Dane County Circuit Judge Diane Schlipper listened to more than 90 minutes of oral arguments on the motion on May 4. She didn’t issue a decision from the bench, and it’s unclear when she might release a ruling.
Urmanski’s lead attorney, Matthew Thome, first argued that Kaul lacks the legal standing to challenge the ban because it doesn’t affect his ability to perform his duties as attorney general.
Kaul’s argument that the ban is so old it’s unenforceable is a “stretch,” Thome added. Laws don’t vanish from the books, and the only reason the ban wasn’t enforced was that the original 1973 Roe v. Wade decision blocked it, he said.

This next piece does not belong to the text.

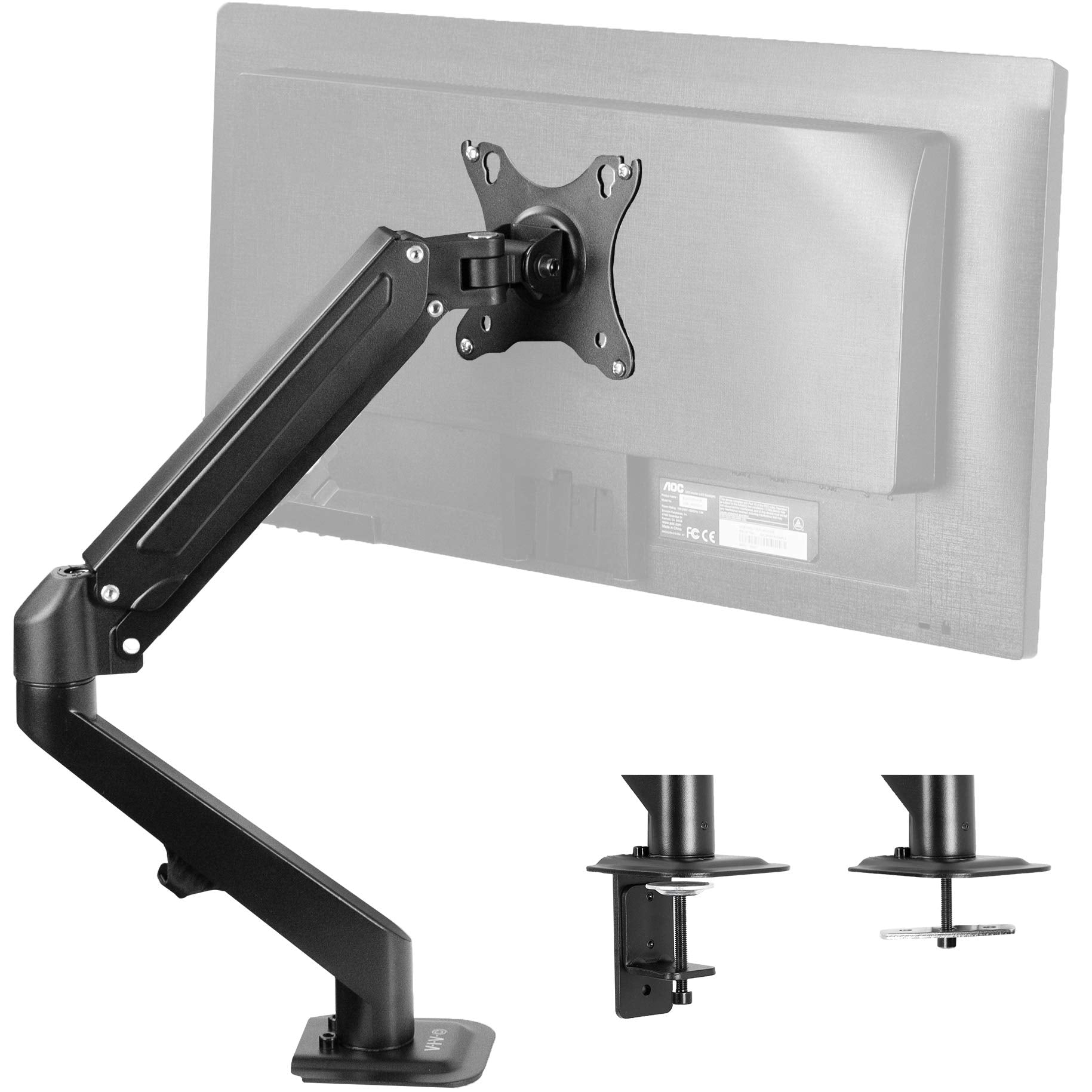 VIVO Articulating Single 17 to 27 inch Pneumatic Spring Arm Clamp on Desk Mount Stand, Fits 1 Monitor Screen with Max VESA 100x100, Black, STAND V101O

He also maintained that legislators never repealed the ban. Modern-day laws restricting abortion, including the 1985 post-viability restriction, co-exist with the ban in “harmony,” he said. The new laws give county prosecutors charging options, he said.

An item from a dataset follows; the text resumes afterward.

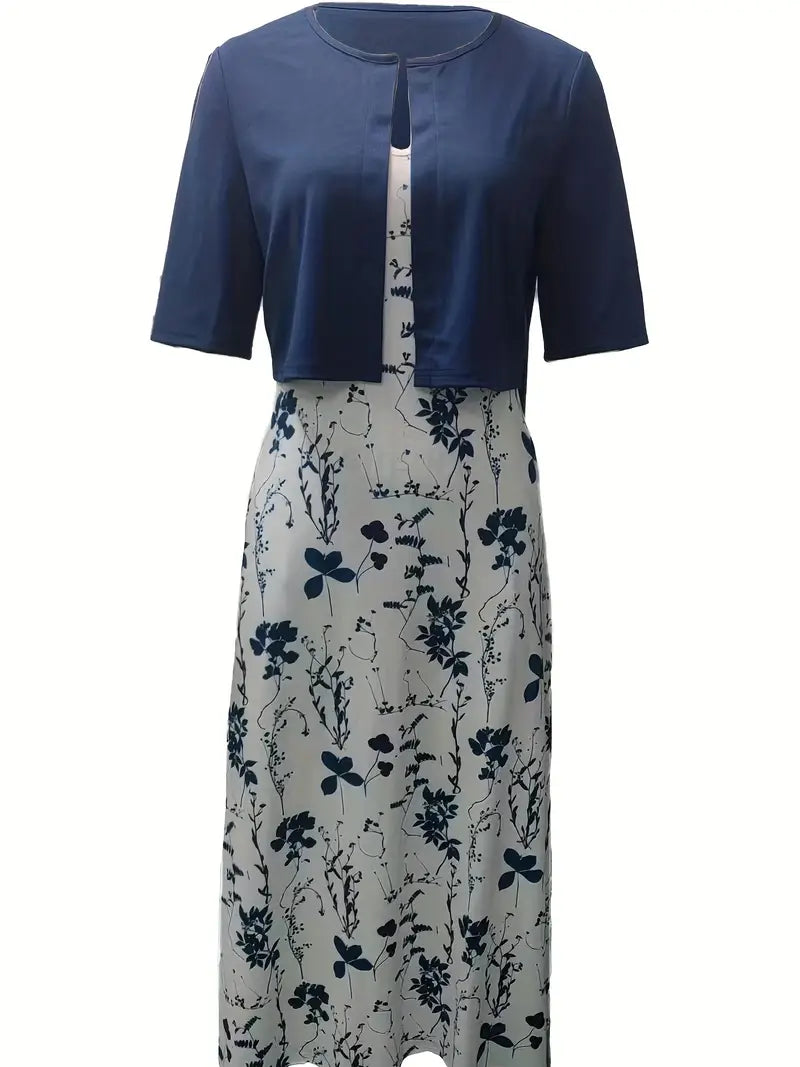 Ensemble Chic de Robe Florale à Deux Pièces avec Haut Uni à Col Rond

Assistant Attorney General Hannah Jurss maintained that the ban clearly conflicts with modern-day laws that permit abortion in some circumstances, creating confusion that only a judge can clarify. Kaul has legal standing because he’s Wisconsin’s top law enforcement official, and he needs to know what laws apply in the state, she said.
The modern laws don’t mean anything if the ban allows an abortion only to save the mother’s life, she added.

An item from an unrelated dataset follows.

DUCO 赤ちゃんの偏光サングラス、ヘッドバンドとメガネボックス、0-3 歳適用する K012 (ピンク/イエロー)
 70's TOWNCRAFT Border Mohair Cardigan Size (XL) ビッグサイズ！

“It can’t be that the law says something is illegal and legal at the same time,” Jurss said.
She acknowledged that the argument that the ban is too old to be enforced has little precedent in Wisconsin. But she said the U.S. Supreme Court’s decision to overturn Roe v. Wade was unprecedented as well.
Schlipper offered few hints on which way she is leaning. She did take Thome to task over his contention that prosecutors can pick and choose which abortion laws to enforce.
“So, we’re back to doctors should choose their counties carefully?” the judge said. “People have a right to know which law applies where.”
She also questioned Jurss on whether the doctrine of implied repeal applies in the case. The doctrine is a legal concept that states’ newer laws supersede old ones.
Jurss responded that modern abortion laws address the same issue as the ban so the doctrine applies. Thome urged the judge to “get back to principles,” pointing out again that the Legislature has chosen not to repeal the ban and Schlipper shouldn’t substitute her judgment for that of policymakers.
The case carries so much weight that no matter what happens in Schlipper’s courtroom or at the appellate level, it will almost certainly end up at the state Supreme Court.
That plays to Kaul’s advantage because liberal-leaning justices will hold a 4-3 majority on the court after Milwaukee County Circuit Judge Janet Protasiewicz is sworn into office in August. Protasiewicz signaled repeatedly during her campaign that she supports abortion rights, an unprecedented approach in a judicial race.